I'm sympathetic to this view, but I think it implies that we should have person affecting views in general, and the non-total views in population ethics specifically. I think the really strong argument against this is smoking-mother type cases, where it seems like we have very strong reason to want the mother to stop smoking, even though this advances no individual persons interests, and that we should be willing to tradeoff harming the interests of individuals against generically improving welfare.
I think we can count existential benefits as "person-affecting" in a broad sense. So, e.g., the resulting baby gets a non-comparative benefit from good existence if the mother stops smoking, and this is greater than the benefit from life that the alternative baby would get (if she doesn't).
For related discussion, see:
(1) https://www.goodthoughts.blog/p/the-profoundest-error-in-population
(2) https://www.goodthoughts.blog/p/harman-harm-and-the-non-identity
Yeah I think this might get into quite tricky questions about counterfactuals and the philosophy of action. I think that at the time one is advocating for the mother to stop smoking, one is advocating on behalf of someone who exists only in the counterfactual world in which the mother stops smoking. I agree there's a kind of broad person affecting view under which one can advocate for this in person affecting terms if one is considering people across all possible worlds, but my guess is that this view will run into some problems because of how broad possible worlds are.
I also not sure how in spirit of the attitude that we care about welfare of individuals, rather than welfare per se, this is. Existence seems like plausibly a necessary condition for caring about someones interests?

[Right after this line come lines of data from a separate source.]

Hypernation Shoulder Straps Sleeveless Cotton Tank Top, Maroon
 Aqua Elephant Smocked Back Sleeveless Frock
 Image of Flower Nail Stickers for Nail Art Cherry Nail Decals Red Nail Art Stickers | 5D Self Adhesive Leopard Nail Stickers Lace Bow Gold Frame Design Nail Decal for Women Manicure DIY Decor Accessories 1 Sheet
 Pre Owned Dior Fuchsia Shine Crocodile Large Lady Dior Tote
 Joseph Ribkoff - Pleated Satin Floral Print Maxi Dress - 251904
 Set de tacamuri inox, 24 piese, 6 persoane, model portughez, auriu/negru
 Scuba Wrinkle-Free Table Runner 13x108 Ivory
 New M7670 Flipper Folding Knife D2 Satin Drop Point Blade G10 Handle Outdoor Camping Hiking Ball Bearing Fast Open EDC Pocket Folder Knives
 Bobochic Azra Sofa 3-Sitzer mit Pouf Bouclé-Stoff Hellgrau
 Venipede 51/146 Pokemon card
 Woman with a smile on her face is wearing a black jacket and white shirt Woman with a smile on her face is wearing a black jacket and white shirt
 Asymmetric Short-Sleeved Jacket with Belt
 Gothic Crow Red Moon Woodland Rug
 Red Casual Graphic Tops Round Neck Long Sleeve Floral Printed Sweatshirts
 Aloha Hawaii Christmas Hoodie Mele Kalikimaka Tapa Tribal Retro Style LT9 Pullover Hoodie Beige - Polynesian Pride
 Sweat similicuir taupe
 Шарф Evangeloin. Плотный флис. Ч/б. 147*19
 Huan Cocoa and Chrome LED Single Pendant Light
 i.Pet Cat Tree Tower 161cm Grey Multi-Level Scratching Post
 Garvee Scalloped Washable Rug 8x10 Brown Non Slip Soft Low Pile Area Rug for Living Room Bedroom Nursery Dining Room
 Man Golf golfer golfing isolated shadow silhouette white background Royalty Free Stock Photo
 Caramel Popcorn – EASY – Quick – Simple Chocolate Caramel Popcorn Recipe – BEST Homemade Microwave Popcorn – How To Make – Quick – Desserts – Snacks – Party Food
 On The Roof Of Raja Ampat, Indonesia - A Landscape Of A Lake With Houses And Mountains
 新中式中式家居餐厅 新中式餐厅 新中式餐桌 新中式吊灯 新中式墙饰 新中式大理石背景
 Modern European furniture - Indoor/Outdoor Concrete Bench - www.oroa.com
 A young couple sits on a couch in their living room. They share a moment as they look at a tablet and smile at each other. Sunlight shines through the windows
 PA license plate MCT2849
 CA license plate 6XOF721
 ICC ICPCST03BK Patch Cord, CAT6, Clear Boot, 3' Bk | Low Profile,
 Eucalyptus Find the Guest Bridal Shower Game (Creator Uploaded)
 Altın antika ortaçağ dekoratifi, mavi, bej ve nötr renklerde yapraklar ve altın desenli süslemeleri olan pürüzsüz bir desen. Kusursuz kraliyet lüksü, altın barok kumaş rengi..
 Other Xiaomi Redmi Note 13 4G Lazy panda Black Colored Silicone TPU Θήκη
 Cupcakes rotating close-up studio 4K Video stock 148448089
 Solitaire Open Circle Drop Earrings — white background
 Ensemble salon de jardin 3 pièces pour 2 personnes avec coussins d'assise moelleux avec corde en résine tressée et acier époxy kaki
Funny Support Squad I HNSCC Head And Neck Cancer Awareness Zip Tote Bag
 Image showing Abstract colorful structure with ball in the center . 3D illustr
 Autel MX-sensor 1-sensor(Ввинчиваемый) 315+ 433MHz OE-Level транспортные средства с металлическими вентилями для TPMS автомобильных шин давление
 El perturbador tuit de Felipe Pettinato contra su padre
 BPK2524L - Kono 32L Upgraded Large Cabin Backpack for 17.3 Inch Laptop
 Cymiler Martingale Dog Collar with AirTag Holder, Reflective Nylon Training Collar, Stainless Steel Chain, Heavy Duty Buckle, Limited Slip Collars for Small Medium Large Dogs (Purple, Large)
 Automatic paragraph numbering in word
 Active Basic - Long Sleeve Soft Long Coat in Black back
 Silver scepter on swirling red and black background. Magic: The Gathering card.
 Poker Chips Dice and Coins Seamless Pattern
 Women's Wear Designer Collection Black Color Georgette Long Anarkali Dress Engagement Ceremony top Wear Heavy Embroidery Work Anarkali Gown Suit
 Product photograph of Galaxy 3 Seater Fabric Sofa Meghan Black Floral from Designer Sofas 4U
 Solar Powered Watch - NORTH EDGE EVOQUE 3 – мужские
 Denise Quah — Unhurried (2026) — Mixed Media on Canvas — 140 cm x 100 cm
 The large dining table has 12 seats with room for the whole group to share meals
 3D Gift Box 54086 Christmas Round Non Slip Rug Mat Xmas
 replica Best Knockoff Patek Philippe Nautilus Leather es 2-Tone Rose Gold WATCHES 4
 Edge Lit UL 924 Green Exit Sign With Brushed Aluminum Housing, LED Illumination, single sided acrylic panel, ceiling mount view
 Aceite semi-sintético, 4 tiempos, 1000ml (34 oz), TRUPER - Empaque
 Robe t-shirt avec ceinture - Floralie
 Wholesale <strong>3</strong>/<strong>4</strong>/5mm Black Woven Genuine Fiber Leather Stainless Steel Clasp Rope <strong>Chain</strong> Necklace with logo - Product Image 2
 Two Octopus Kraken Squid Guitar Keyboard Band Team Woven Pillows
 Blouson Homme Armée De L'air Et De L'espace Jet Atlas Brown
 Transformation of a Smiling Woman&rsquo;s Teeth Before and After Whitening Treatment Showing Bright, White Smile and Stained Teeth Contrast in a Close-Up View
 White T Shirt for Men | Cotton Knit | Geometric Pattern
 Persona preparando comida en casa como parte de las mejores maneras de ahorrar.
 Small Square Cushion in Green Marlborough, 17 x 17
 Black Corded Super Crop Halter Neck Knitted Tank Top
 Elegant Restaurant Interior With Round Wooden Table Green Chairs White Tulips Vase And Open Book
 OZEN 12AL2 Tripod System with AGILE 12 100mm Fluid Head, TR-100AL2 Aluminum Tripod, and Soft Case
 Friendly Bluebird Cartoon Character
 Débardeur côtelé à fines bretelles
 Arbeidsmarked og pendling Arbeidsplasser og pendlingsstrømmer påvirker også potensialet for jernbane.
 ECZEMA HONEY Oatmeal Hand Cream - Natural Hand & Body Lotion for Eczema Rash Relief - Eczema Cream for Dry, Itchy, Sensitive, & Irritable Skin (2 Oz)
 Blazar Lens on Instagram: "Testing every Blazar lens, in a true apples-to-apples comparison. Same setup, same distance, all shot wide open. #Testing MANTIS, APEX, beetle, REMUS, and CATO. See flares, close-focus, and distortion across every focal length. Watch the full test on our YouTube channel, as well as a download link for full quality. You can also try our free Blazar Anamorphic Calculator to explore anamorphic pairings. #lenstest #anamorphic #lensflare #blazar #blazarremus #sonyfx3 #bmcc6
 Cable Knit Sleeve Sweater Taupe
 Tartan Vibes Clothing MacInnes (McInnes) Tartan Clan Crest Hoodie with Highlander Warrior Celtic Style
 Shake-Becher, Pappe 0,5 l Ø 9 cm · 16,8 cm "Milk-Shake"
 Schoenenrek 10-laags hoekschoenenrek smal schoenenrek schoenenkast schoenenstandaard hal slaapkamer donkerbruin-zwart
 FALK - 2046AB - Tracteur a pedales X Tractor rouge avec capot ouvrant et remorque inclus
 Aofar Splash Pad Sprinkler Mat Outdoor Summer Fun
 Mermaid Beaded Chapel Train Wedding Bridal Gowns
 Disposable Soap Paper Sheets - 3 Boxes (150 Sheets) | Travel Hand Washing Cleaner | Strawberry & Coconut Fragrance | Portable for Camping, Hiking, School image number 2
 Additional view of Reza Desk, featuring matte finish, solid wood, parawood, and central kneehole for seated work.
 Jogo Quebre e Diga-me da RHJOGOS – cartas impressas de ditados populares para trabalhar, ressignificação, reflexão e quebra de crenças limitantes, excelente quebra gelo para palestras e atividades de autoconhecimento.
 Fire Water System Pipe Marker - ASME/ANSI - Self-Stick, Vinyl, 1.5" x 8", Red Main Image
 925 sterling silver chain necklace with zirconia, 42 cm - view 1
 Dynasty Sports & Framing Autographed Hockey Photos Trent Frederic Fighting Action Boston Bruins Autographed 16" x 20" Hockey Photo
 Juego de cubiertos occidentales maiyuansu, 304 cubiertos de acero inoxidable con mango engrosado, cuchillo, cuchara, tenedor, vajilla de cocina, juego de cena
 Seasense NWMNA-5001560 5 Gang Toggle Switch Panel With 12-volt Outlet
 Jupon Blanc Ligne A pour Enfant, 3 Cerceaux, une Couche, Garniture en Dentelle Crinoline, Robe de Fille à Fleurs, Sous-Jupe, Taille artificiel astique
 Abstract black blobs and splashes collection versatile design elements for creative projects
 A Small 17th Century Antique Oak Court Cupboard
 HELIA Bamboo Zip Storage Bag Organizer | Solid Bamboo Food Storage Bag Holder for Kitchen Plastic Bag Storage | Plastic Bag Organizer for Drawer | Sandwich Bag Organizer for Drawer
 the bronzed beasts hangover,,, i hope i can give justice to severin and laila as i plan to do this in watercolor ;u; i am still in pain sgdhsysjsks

Yeah, it does seem tricky. Still, two claims that seem true (and consistent) to me:
* Insofar as we're talking about existing people, our concern for their contribution to the aggregate welfare should be downstream of our concern for *them* as particular individuals.
* We should accept a 'broad' solution to the non-identity problem which allows that we have strong reasons of procreative beneficence to prefer that happier lives come to exist rather than less-happy ones.
What do you think about the possibility that a *large enough* harm or benefit can't be outweighed by any number of *very small* harms or benefits? For example, torturing one person for a year can't be outweighed by a dust speck in the eye of each of a billion (or any number of) different people.
I think Parfit showed pretty convincingly (via iteration) that those sorts of intuitions are confused. See the latter half of this post:
https://www.goodthoughts.blog/p/evaluating-acts-and-outcomes
>Scanlon’s argument for numbers as tie-breakers hints in this direction—he notes it would seem disrespectful to a second person you could save if you didn’t treat their life or death as giving you any more reason to save the group than you would have had from the first person in the group alone. What I’m now suggesting is that this doesn’t go far enough. If you say that the importance of saving the second person is reduced at all by the presence of the first person, you have failed to value the two people separately and independently.
You only included this in a footnote, but I actually found it very helpful for understanding your point.
Would you go as far as to say that we should satisfy the separability axiom / independence of unaffected agents/patients for similar reasons? If this is violated, whether you do X or Y could depend on the conditions of people who are totally unaffected by the choice. This means how we count the benefits and harms to those affected by X vs Y depends on the conditions of people who are totally unaffected, and you have failed to count those benefits and harms *separately and independently* from the conditions of the unaffected people.
And would you take this to only hold in deterministic cases, or also ex ante? The latter can get you most of the way to expectational total utilitarianism, which is fanatical.
I could see arguments going each way:
1. For deterministic: Ethics could be just concerned with actual (deterministic) betterness, and we have to use some decision theory to take uncertainty into account. And expectational utilitarianism, where the expected value is the sum of individual expected values, could even be irrational (https://forum.effectivealtruism.org/posts/KGfBhsFzCqr9vq6Y6/utilitarianism-is-irrational-or-self-undermining-2).
2. For ex ante: the same kind of arguments we make for deterministic separability/independence extend to arguments for ex ante separability/independence.
Yeah, I think there's a strong intuitive case here that respecting people as individuals should lead us to endorse ex ante separability. (Maybe the case could be outweighed if it seemed too costly in other respects.)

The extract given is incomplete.